### EXTRACTED DATA

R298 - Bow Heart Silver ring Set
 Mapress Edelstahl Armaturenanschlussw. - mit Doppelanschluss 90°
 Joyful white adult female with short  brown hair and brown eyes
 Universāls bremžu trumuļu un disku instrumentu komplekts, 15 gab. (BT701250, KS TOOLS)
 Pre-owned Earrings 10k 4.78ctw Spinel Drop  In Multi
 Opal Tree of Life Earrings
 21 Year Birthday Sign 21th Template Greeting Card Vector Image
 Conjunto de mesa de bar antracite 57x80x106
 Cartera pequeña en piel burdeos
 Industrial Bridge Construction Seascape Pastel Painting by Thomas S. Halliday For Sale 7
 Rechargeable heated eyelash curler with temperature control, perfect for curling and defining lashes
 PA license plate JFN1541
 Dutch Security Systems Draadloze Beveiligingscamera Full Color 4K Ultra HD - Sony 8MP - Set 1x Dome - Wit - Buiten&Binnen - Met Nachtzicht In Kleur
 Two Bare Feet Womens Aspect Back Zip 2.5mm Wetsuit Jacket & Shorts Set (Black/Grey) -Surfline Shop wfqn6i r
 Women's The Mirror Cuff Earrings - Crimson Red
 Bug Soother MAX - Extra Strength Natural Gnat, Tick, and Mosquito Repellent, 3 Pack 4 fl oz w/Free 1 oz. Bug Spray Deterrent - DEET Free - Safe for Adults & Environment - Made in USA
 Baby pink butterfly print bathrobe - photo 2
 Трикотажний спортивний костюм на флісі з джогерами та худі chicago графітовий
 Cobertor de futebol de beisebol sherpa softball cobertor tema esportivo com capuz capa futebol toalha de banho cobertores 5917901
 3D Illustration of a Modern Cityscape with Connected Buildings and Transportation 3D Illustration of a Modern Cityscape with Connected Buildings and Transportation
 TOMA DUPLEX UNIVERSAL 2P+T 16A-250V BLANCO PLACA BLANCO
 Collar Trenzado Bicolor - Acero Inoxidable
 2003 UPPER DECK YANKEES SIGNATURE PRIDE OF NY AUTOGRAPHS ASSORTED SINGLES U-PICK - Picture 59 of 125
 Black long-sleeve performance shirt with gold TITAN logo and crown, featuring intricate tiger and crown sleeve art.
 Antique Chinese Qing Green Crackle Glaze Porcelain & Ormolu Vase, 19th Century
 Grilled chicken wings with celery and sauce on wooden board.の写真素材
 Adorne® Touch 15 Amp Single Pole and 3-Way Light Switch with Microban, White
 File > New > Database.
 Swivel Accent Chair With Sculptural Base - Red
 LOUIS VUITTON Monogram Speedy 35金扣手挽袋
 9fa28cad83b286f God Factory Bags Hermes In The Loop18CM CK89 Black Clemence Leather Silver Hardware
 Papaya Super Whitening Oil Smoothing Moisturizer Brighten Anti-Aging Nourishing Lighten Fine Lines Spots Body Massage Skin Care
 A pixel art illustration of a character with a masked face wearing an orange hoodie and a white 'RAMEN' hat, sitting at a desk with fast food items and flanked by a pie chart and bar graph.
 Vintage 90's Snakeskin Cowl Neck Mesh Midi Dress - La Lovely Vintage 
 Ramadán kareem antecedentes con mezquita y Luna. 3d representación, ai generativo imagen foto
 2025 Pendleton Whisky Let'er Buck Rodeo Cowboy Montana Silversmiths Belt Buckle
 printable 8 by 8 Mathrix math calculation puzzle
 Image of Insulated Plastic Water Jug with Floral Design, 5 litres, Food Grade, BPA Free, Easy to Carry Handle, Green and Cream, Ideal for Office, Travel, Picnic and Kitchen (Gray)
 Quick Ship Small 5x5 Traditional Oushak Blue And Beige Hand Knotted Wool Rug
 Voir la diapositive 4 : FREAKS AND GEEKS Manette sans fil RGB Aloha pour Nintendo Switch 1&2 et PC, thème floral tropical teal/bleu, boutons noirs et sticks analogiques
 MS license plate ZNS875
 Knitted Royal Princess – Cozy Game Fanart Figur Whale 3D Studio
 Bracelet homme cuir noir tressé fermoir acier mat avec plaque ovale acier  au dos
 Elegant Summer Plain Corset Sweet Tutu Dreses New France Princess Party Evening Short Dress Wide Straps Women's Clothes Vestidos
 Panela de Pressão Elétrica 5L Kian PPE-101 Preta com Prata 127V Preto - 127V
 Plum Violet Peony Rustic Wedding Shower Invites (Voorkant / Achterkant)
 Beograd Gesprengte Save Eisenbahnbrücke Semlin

### WORK ITEM
Filter the listing for the word "Black" and copy each line that has it.

### RESULT OF THIS EXERCISE
 Two Bare Feet Womens Aspect Back Zip 2.5mm Wetsuit Jacket & Shorts Set (Black/Grey) -Surfline Shop wfqn6i r
 Black long-sleeve performance shirt with gold TITAN logo and crown, featuring intricate tiger and crown sleeve art.
 9fa28cad83b286f God Factory Bags Hermes In The Loop18CM CK89 Black Clemence Leather Silver Hardware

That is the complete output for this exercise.